Coiled Spring Capital mid-week post

Counter trend bounce with legs?

It's been a good week for our directional stock market and sector calls. While we admit we were a few days early on the market turn, the last DeMark buy signal nailed the low for the SPX and we still caught 500 points in the Nasdaq.

We also caught $10 in WTI (oil) when the rest of the world was shorting the commodity. Here is an excerpt from our report 2 weekends ago.

This is a chart of our SPX weekly we've been discussing at length all year. We mentioned back in May that this H&S top formation yielded a measured move target of around 3585. We also posited back then that maybe it will catch up with the 200 weekly SMA (yellow) to form a bottom. The SPX low in June missed this target by 50 points. Last week, we tagged this target while bouncing perfectly off the 200 weekly SMA @ 3585.

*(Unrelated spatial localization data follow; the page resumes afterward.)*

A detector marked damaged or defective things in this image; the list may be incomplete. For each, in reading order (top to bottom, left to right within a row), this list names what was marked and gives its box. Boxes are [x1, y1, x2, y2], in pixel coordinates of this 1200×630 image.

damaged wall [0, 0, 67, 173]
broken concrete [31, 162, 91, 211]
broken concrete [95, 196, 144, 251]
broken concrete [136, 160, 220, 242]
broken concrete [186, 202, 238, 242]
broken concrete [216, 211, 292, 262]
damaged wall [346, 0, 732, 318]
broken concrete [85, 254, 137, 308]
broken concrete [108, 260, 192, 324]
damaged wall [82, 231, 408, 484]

We find it quite comical how quick the narrative can shift in the media and FinTwit from all the doomsday rhetoric a week ago to now the Fed pivoting again. The problem with the Fed pivot discussion is it likely will require something really bad to happen, unless inflation miraculously collapses. We have news for our readers, "really bad," is just that, really bad. If some exogenous event happens and the Fed has to rescue the markets, the damage will be long tailed and market destructive. Regardless, predicting this is near impossible.

In fact, we posted this chart in our weekend report.

And what we posted in Twitter:

Since this post the SPX is up +5%. When the boat is loaded in one direction, it rarely works out. Think of it like this, if everyone is hedging for a crash, why would we crash? It's already being contemplated. Crashes tend to happen when nobody expects it.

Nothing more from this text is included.